Tuesday, May 17, 2016

Google's SyntaxNet installation steps on Mac OS X El Capitan!

TensorFlow 
TensorFlow™ is an open source software library for numerical computation using data flow graphs. Nodes in the graph represent mathematical operations, while the graph edges represent the multidimensional data arrays (tensors) communicated between them. 

The flexible architecture allows you to deploy computation to one or more CPUs or GPUs in a desktop, server, or mobile device with a single API. 

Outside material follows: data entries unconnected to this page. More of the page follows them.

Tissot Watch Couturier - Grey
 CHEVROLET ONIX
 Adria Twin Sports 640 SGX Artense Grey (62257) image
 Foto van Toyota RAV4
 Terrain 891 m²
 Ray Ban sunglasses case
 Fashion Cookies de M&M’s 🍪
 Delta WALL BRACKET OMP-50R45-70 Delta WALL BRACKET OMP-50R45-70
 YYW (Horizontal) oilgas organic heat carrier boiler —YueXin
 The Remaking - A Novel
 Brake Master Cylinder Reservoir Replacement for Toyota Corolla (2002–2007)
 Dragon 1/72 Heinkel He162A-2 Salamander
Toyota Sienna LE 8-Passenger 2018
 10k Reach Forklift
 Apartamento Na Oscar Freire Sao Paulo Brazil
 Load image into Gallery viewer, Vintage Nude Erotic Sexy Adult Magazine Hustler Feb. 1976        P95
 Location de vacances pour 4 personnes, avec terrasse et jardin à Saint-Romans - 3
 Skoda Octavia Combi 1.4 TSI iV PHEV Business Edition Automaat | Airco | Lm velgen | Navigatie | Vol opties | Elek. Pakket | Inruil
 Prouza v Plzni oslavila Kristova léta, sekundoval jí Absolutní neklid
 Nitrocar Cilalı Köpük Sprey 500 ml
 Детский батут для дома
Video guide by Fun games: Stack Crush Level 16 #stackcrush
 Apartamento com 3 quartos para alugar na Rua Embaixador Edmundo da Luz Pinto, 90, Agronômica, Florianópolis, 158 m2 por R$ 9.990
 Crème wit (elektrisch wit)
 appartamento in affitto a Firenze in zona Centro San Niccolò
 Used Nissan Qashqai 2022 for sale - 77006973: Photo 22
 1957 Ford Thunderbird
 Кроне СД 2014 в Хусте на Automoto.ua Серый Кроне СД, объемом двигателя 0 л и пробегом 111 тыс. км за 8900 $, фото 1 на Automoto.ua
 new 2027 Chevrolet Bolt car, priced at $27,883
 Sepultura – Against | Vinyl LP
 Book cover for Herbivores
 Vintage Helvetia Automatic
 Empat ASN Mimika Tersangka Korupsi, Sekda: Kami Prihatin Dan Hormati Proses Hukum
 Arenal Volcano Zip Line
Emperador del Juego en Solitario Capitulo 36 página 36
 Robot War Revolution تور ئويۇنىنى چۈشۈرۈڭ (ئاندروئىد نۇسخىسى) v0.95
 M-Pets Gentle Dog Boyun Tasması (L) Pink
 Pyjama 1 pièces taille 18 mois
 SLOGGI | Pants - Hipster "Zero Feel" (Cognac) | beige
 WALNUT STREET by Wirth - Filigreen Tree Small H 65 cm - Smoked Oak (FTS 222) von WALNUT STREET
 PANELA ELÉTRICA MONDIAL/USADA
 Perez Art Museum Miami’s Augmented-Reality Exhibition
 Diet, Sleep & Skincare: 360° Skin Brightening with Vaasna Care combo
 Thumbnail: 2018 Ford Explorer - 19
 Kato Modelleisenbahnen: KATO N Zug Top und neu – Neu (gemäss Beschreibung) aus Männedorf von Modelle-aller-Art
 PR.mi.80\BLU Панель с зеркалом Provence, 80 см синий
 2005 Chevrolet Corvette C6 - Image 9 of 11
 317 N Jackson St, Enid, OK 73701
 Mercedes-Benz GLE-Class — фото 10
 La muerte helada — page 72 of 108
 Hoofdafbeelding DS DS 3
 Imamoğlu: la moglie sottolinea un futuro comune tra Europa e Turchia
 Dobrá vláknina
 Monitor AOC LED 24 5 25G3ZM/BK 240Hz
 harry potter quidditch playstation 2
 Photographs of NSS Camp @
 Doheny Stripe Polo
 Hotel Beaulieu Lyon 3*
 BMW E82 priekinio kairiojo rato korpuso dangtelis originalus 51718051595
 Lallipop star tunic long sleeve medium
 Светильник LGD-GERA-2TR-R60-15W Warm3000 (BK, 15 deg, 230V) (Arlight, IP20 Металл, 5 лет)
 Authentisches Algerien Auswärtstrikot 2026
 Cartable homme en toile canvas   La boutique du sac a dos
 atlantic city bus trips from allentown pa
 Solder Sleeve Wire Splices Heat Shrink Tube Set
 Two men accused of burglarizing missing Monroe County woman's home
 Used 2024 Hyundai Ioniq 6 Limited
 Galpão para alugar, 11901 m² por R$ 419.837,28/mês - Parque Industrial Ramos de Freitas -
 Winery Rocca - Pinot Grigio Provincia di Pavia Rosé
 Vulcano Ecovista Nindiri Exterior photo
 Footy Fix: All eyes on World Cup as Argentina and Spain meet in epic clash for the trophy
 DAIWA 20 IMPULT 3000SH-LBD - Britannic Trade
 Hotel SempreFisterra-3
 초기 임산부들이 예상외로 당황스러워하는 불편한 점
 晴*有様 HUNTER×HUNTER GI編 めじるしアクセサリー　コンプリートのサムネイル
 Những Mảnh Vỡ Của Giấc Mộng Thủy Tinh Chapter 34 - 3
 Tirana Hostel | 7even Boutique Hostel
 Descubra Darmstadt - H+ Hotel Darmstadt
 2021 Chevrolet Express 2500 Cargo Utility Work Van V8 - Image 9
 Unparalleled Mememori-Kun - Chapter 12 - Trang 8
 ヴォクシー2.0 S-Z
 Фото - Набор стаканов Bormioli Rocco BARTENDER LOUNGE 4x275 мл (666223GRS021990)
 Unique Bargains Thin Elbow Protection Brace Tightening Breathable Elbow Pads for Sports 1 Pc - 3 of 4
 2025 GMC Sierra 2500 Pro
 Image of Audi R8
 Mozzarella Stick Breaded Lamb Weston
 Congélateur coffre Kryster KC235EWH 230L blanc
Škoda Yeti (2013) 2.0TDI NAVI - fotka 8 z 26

TensorFlow was originally developed by researchers and engineers working on the Google Brain Team within Google's Machine Intelligence research organization for the purposes of conducting machine learning and deep neural networks research, but the system is general enough to be applicable in a wide variety of other domains as well.

SyntaxNet 
An open-source neural network framework implemented in TensorFlow that provides a foundation for Natural Language Understanding(NLU) systems. Google's release includes all the code needed to train new SyntaxNet models on your own data, as well as Parsey McParseface, an English parser that they have trained for you and that you can use to analyse English text.

Parsey McParseface
Parsey McParseface is built on powerful machine learning algorithms that learn to analyze the linguistic structure of language, and that can explain the functional role of each word in a given sentence.

INSTALLATION 
1.
Download Bazel v0.2.2 only.
Download the Bazel installer for your operating system.

Run the installer:

$ chmod +x bazel-version-installer-os.sh
$ ./bazel-version-installer-os.sh --user

The --user flag installs Bazel to the $HOME/bin directory on your system and sets the .bazelrc path to $HOME/.bazelrc.

Set up your environment
If you ran the Bazel installer with the --user flag as above, the Bazel executable is installed in your $HOME/bin directory. It's a good idea to add this directory to your default paths, as follows:
$ export PATH="$PATH:$HOME/bin"
You can also add this command to your ~/.bashrc file.

2.
brew install swig

3.
brew install python

4.
protocol buffers, with a version supported by TensorFlow:

check your protobuf version with 
pip freeze | grep protobuf

upgrade to a supported version with 
pip install -U protobuf==3.0.0b2

5.
pip install asciitree

6.
pip install numpy

7.
Once you completed the above steps, you can build and test SyntaxNet with the following commands:

git clone --recursive https://github.com/tensorflow/models.git
cd models/syntaxnet/tensorflow
./configure
cd ..
bazel test --linkopt=-headerpad_max_install_names \
>syntaxnet/... util/utf8/...

Bazel should complete reporting all tests passed.

8.
Parsing from Standard Input
Simply pass one sentence per line of text into the script at syntaxnet/demo.sh. The script will break the text into words, run the POS tagger, run the parser, and then generate an ASCII version of the parse tree:
echo 'Bob brought the pizza to Alice.' | syntaxnet/demo.sh

Input: Bob brought the pizza to Alice .
Parse:
brought VBD ROOT
 +-- Bob NNP nsubj
 +-- pizza NN dobj
 |   +-- the DT det
 +-- to IN prep
 |   +-- Alice NNP pobj
 +-- . . punct


The ASCII tree shows the text organized as in the parse, not left-to-right as visualized in our tutorial graphs. In this example, we see that the verb "brought" is the root of the sentence, with the subject "Bob", the object "pizza", and the prepositional phrase "to Alice".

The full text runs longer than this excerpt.